# SUPPLIED MATERIAL
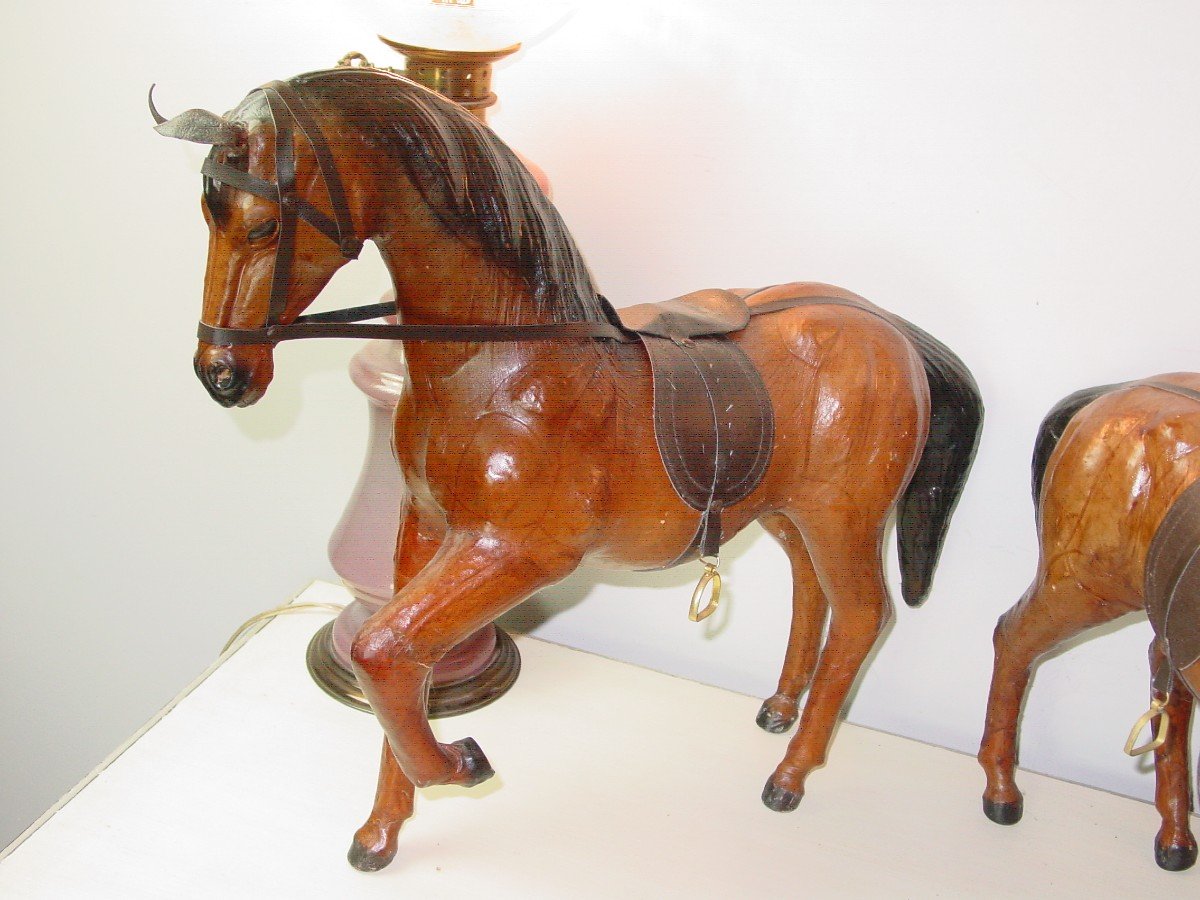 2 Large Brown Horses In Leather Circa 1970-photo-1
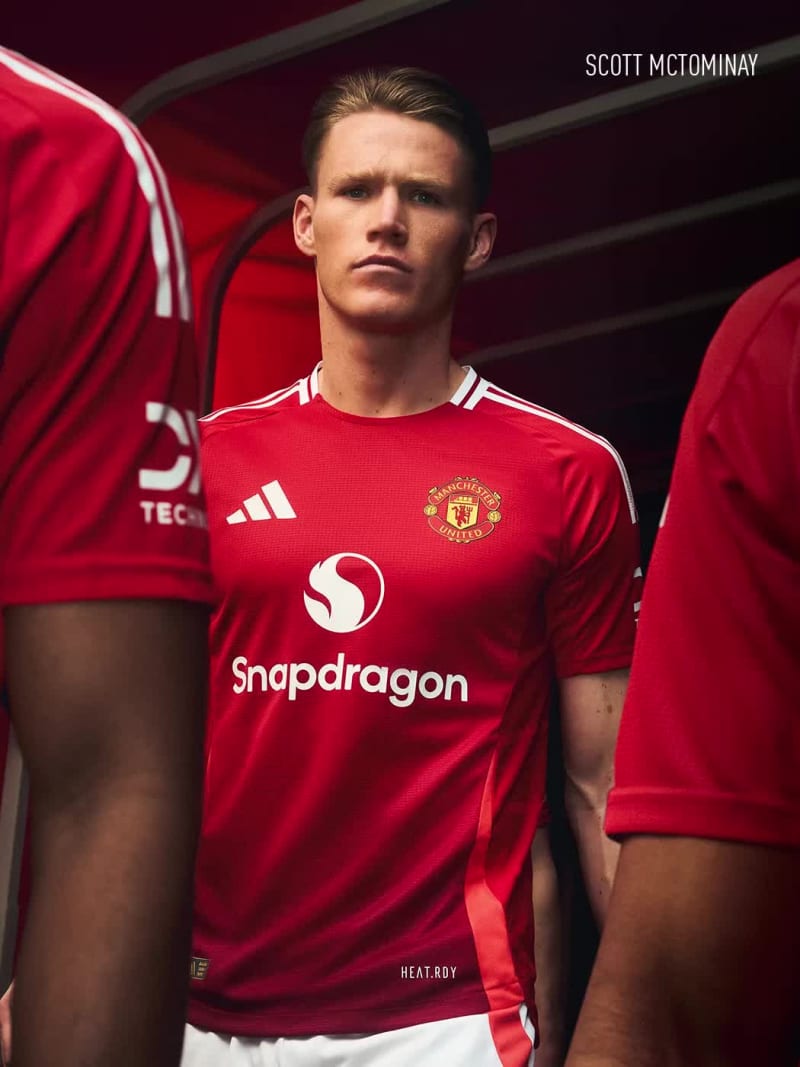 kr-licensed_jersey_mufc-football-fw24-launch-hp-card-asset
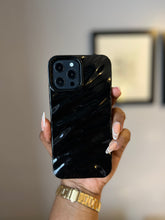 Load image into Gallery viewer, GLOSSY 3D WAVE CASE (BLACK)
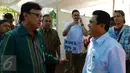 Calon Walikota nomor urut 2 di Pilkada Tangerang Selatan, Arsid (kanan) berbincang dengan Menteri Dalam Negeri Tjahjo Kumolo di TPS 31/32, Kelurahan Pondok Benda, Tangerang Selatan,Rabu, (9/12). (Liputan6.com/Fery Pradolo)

# WHAT YOU ARE ASKED TO DO
Copy the whole of the material above exactly, but not its images.

# EXERCISE OUTPUT
 2 Large Brown Horses In Leather Circa 1970-photo-1
 kr-licensed_jersey_mufc-football-fw24-launch-hp-card-asset
 Load image into Gallery viewer, GLOSSY 3D WAVE CASE (BLACK)
 Calon Walikota nomor urut 2 di Pilkada Tangerang Selatan, Arsid (kanan) berbincang dengan Menteri Dalam Negeri Tjahjo Kumolo di TPS 31/32, Kelurahan Pondok Benda, Tangerang Selatan,Rabu, (9/12). (Liputan6.com/Fery Pradolo)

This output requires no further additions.